In this meta-analysis, we performed three genetic models for each SNP (rs10489629: C vs. T, C/C+C/T vs. T/T, C/C vs. C/T+T/T; rs7517847: G vs. T, G/G+G/T vs. T/T, G/G vs. G/T+T/T). Our research indicated C allele of rs10489629 was risk for RA which was consistent with the previous meta-analysis, and G allele of rs7517847 was susceptible to RA, while there was no significant association between rs7517847 and RA in the previous one [16]. Compared with the previous researches, we eliminated the study which exhibited a small deviation from HWE in the controls. Perhaps it contributed to the contradiction of rs7517847 between previous and present meta-analysis. In addition, the quality assessments of the studies were evaluated by the NOS. Although the number of the combined studies is rather small for a meta-analysis, these studies are all high quality.

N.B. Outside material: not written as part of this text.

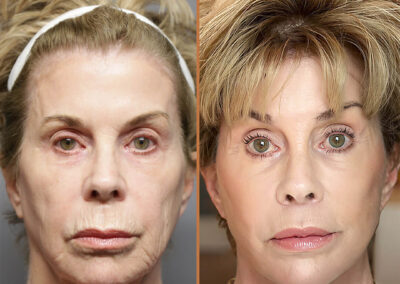 Deep Plane Facelift before and after photos by Sherber and Rad in Washington DC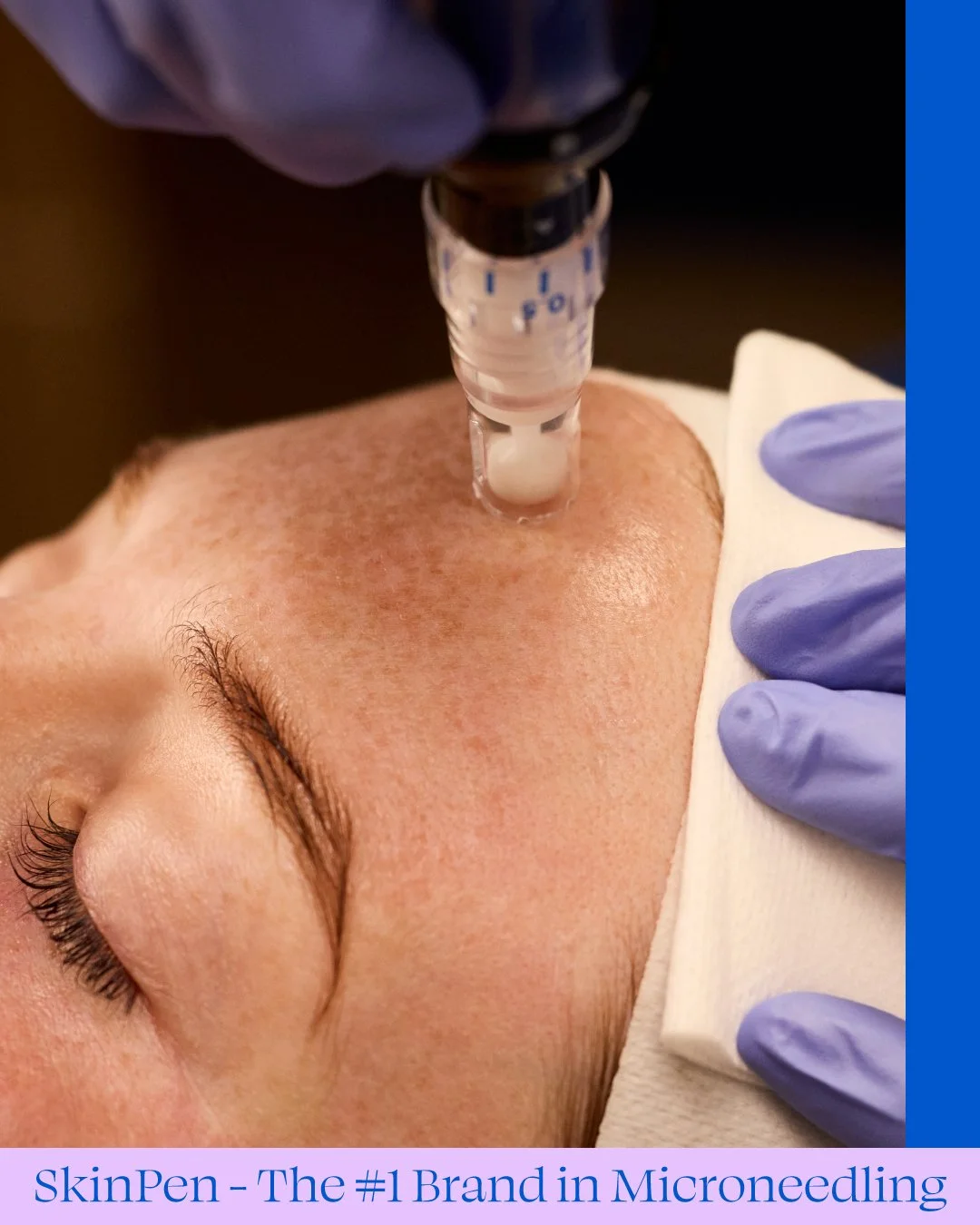 Microneedling with SkinPen for acne scars and skin rejuvenation in Woodbridge NJ at OpalGlow Medspa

However, the two SNPs are protective factors in ankylosing spondylitis (AS) [2730]. All noninfectious inflammatory diseases depend on a spectrum from autoinflammatory (inducing by the innate immune system) to autoimmune (mediating by the adaptive immune system). Relative actions of each can define the type of diseases [31]. AS is considered to be a typical autoinflammatory disease, while RA is proposed to be autoimmune in nature [32, 33]. It is similar to PTPN22 C1858T which is associated with systemic autoimmune diseases such as RA, but not associated with organ-specific autoimmune diseases like AS [34, 35]. The same genetic variant may not share a common mechanism in different autoimmune diseases. Further researches are needed to clarify the exact mechanisms of IL-23R polymorphisms in RA.

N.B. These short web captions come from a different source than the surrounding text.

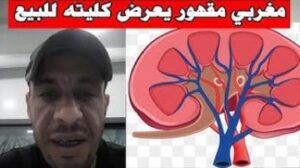 شاب مغربي يعرض كليته للبيع بسبب “ظروف قاهرة”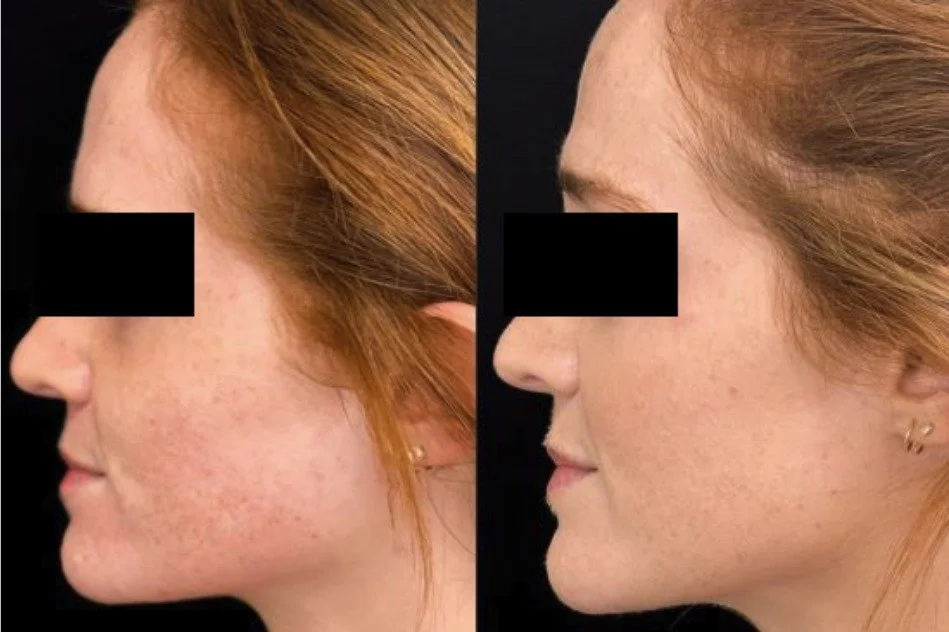 Morpheus8 acne scar before and after, smoother cheek texture, San Diego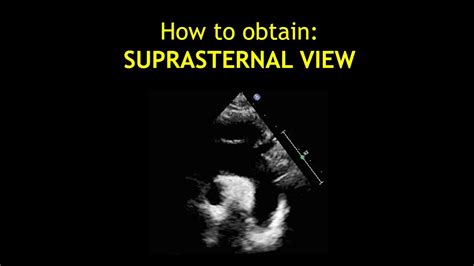 How to obtain: SUPRASTERNAL VIEW! (Echocardiogram) - YouTube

By the way, some limitations of our study should be paid attention to. Primarily, the number of studies is small, and the sample was limited to European ancestry. Perhaps the allelic frequencies are different from European to others. Consequently, the relation in other ethnic groups can not be conducted. Secondly, our literature searching was based on English and Chinese, and language bias might be occurred. Next, significant heterogeneity was detected among several comparisons. The differences of experimental methods may cause the heterogeneity. Ultimately, owing to only extracting published studies, publication bias might occur, even if statistical test implied no significance.

In a word, this meta-analysis suggests the IL-23R polymorphisms rs10489629 and rs7517847 are susceptible to RA in European populations. Further gene–gene and gene–environment interactions researches on large case–control design in all races are still required.